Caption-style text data
= = = = = = =

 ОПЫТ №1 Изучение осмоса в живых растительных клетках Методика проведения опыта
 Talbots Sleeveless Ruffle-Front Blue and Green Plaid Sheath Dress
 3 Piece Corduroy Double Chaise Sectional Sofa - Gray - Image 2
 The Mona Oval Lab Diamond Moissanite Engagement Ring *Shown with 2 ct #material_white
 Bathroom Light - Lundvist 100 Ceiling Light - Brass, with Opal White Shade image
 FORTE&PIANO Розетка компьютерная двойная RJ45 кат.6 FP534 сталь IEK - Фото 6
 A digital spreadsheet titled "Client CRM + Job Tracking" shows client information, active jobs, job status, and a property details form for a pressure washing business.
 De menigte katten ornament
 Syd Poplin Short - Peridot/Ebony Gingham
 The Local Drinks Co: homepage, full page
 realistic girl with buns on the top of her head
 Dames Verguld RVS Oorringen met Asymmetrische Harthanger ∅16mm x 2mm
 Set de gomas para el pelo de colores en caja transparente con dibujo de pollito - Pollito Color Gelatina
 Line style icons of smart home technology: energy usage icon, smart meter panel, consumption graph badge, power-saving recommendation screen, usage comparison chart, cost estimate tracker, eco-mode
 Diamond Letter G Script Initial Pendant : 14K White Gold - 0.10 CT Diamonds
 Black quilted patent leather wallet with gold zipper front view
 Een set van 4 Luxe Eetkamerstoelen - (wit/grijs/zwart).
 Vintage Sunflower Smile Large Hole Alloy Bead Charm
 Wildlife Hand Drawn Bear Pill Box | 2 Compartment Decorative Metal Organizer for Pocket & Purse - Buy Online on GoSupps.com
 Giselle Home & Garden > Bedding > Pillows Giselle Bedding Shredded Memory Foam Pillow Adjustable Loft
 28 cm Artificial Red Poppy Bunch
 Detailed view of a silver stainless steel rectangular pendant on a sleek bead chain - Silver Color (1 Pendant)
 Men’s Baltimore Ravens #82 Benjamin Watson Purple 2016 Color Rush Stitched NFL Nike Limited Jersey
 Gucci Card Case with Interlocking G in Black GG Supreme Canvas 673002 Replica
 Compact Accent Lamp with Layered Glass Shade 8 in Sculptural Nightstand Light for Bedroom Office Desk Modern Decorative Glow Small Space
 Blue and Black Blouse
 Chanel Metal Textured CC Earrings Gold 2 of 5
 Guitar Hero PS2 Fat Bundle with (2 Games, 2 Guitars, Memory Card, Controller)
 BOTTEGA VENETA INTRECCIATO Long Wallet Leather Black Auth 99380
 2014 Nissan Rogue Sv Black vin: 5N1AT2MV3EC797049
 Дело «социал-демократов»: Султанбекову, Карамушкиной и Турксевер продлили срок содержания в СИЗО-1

= = = = = = =

Would you please copy the lines above, from the one holding "Black quilted patent" through the last, and nothing else?

 Black quilted patent leather wallet with gold zipper front view
 Een set van 4 Luxe Eetkamerstoelen - (wit/grijs/zwart).
 Vintage Sunflower Smile Large Hole Alloy Bead Charm
 Wildlife Hand Drawn Bear Pill Box | 2 Compartment Decorative Metal Organizer for Pocket & Purse - Buy Online on GoSupps.com
 Giselle Home & Garden > Bedding > Pillows Giselle Bedding Shredded Memory Foam Pillow Adjustable Loft
 28 cm Artificial Red Poppy Bunch
 Detailed view of a silver stainless steel rectangular pendant on a sleek bead chain - Silver Color (1 Pendant)
 Men’s Baltimore Ravens #82 Benjamin Watson Purple 2016 Color Rush Stitched NFL Nike Limited Jersey
 Gucci Card Case with Interlocking G in Black GG Supreme Canvas 673002 Replica
 Compact Accent Lamp with Layered Glass Shade 8 in Sculptural Nightstand Light for Bedroom Office Desk Modern Decorative Glow Small Space
 Blue and Black Blouse
 Chanel Metal Textured CC Earrings Gold 2 of 5
 Guitar Hero PS2 Fat Bundle with (2 Games, 2 Guitars, Memory Card, Controller)
 BOTTEGA VENETA INTRECCIATO Long Wallet Leather Black Auth 99380
 2014 Nissan Rogue Sv Black vin: 5N1AT2MV3EC797049
 Дело «социал-демократов»: Султанбекову, Карамушкиной и Турксевер продлили срок содержания в СИЗО-1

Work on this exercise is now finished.